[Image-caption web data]
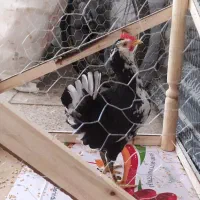 خروس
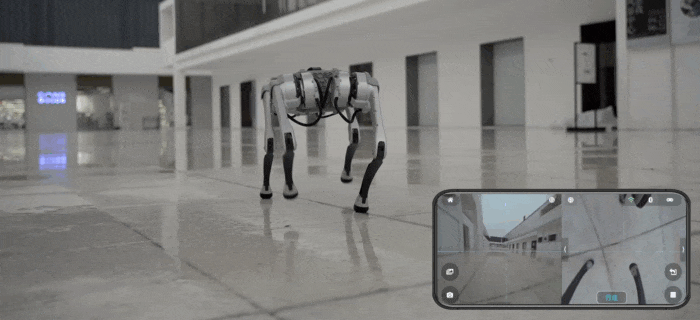 71e7760af5dc44249ec2e8bb881373b4_700x320.gif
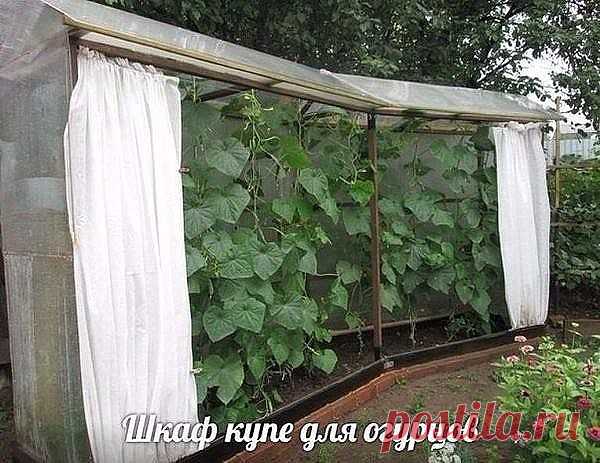 (45) Одноклассники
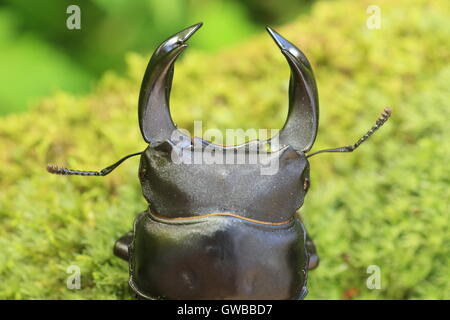 Japanische großer Hirschkäfer (Dorcus Hopei Hopei) in China Stockfoto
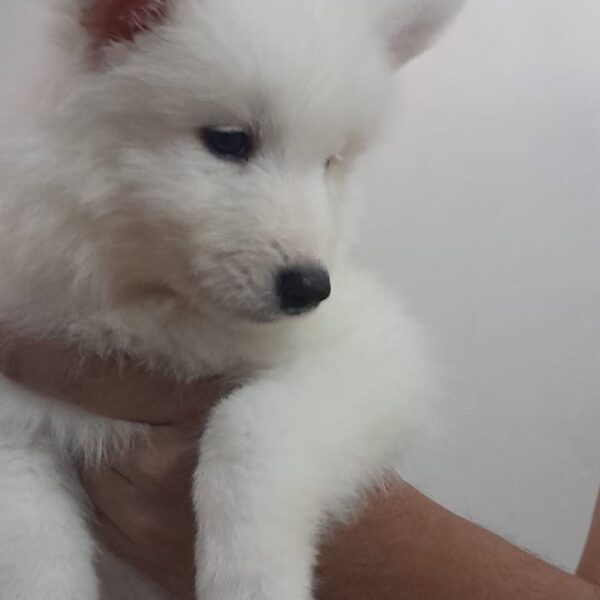 Venta de Perros Samoyedo en Sincelejo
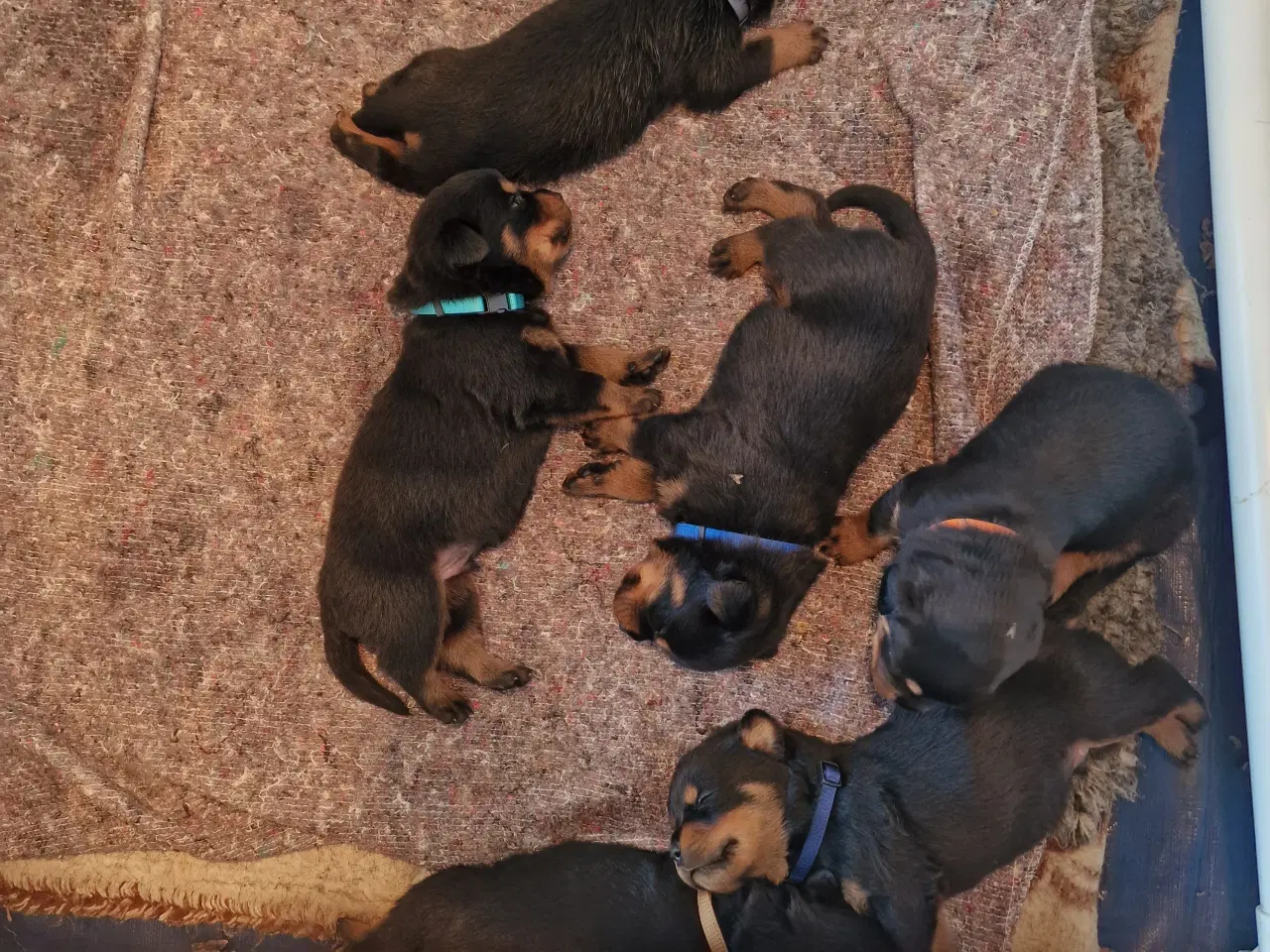 Billede 3 - Rottweilerhvalpe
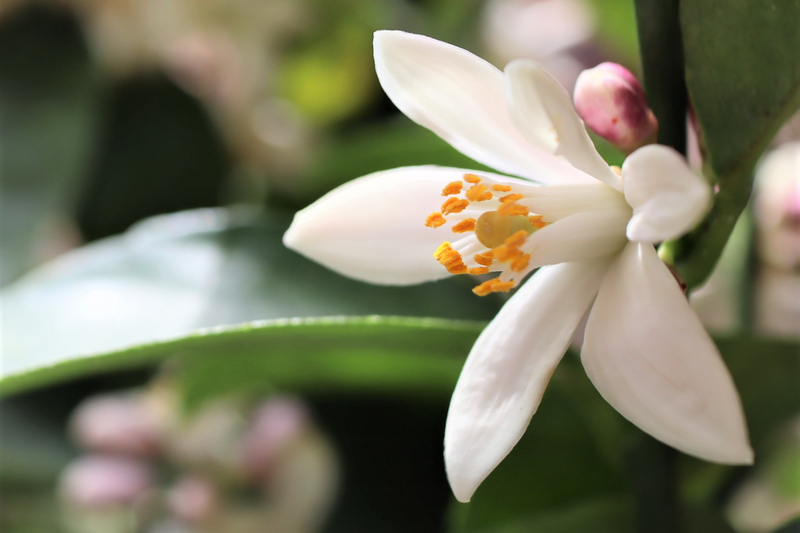 f:id:raruka:20190515143941j:plain f:id:raruka:20190515143941j:plain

About this exercise: Please write out exactly the lines starting at the one that contains "71e7760af5dc44249ec2e8bb881373b4_700x320.gif" and ending with the final line of the entries, both ends included. Do not write out any pictures.

Task solution:
 71e7760af5dc44249ec2e8bb881373b4_700x320.gif
 (45) Одноклассники
 Japanische großer Hirschkäfer (Dorcus Hopei Hopei) in China Stockfoto
 Venta de Perros Samoyedo en Sincelejo
 Billede 3 - Rottweilerhvalpe
 f:id:raruka:20190515143941j:plain f:id:raruka:20190515143941j:plain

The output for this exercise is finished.